Andre Niyongabo Rubungo will present his General Exam "Leveraging Large Language Models for Materials Science" on Monday, May 6, 2024 at 9:00 AM in FC 005.

Committee Members: Adji Bousso Dieng (advisor), Danqi Chen, Tom Griffiths

Abstract:
Predicting material properties plays an important role in materials design and discovery. Having a robust and accurate materials property predictor can help in screening materials of interest and in designing new materials with desired properties. Before the machine learning era, ab initio methods such as density functional theory (DFT) that allow the prediction and calculation of material behavior on the basis of quantum mechanical considerations were used to facilitate this process. DFT methods are somewhat accurate, however they are extremely slow, very computationally expensive, and hard to scale. 

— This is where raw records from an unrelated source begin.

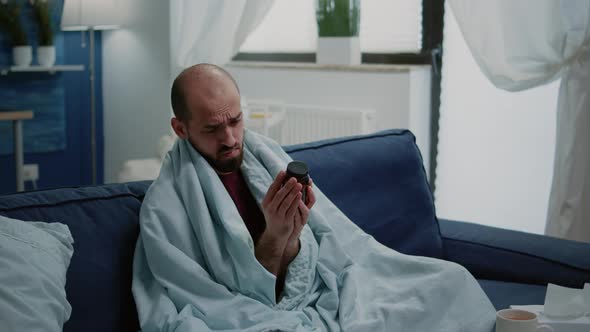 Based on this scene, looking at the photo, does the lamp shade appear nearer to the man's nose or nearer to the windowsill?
the windowsill

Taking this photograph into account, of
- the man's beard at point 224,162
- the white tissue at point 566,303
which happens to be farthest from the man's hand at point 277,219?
the white tissue at point 566,303

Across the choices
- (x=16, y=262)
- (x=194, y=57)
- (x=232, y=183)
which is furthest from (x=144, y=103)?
(x=16, y=262)

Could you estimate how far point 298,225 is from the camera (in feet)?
5.54

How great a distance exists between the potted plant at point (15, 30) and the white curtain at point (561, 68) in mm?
2848

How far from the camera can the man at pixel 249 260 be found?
160cm

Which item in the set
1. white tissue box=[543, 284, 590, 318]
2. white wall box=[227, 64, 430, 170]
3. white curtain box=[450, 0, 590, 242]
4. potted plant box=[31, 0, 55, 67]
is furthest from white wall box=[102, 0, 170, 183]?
white tissue box=[543, 284, 590, 318]

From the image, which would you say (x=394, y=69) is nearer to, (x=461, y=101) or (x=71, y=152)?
(x=461, y=101)

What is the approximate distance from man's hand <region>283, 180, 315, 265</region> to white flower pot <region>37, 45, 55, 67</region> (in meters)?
3.48

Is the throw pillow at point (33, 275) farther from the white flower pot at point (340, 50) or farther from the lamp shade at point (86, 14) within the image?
the lamp shade at point (86, 14)

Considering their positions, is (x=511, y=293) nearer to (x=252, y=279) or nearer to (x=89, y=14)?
(x=252, y=279)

Recently, scientists have started leveraging machine learning as an alternative to DFT.  More specifically, graph neural networks (GNNs) have been particularly effective in capturing the interactions in materials for the purpose of property prediction. Crystal lattice sites are represented as nodes and the bonds (e.g., ionic or covalent or van der Waals) between them are represented as edges. GNNs then typically learn the contextual representation of each node and edge within the crystal graph to predict its properties. Although GNNs are powerful, they still face several challenges when it comes to predicting crystal properties. For example, they fail to efficiently encode the periodicity inherent to any crystal which results from the repetitive arrangement of unit cells within a lattice. Furthermore, current state-of-the-art GNNs do not account for space group information which is critical for characterizing crystals. Finally, GNNs are known to suffer from a problem known as over-smoothing which may hinder expressivity. 

This research marks a pioneering step in leveraging the powerful learning capabilities of large language models (LLMs) to improve the process of discovering new materials. We aim to use LLMs to learn the representation of a crystal structure given either its chemical formula, structure strings, or structure text descriptions as input. Representing a crystal as text instead of a graph has several advantages. Textual data contain rich information and are very expressive; additionally, incorporating desired information in text is generally more straightforward compared to graphs. We intend to design and implement a robust and accurate LLM-based property predictor by first collecting enough labeled materials data and using it to finetune available powerful pretrained LLMs. Furthermore, by having an accurate LLM-based property predictor, we can finetune an LLM generative model that can generate multiple samples of structure strings or descriptions of new materials and use our LLM-based property predictor to predict the stability of the newly generated materials and hence only keep the most stable ones. A strategy that simulates the experimental approach to materials design and discovery, but in a faster and more efficient way.

Reading List:
https://docs.google.com/document/d/14bGQagXTIxpzgtg9dGsaZwYo4nm96xgI1pAoGLbFCrU/edit?usp=sharing

Everyone is invited to attend the talk, and those faculty wishing to remain for the oral exam following are welcome to do so.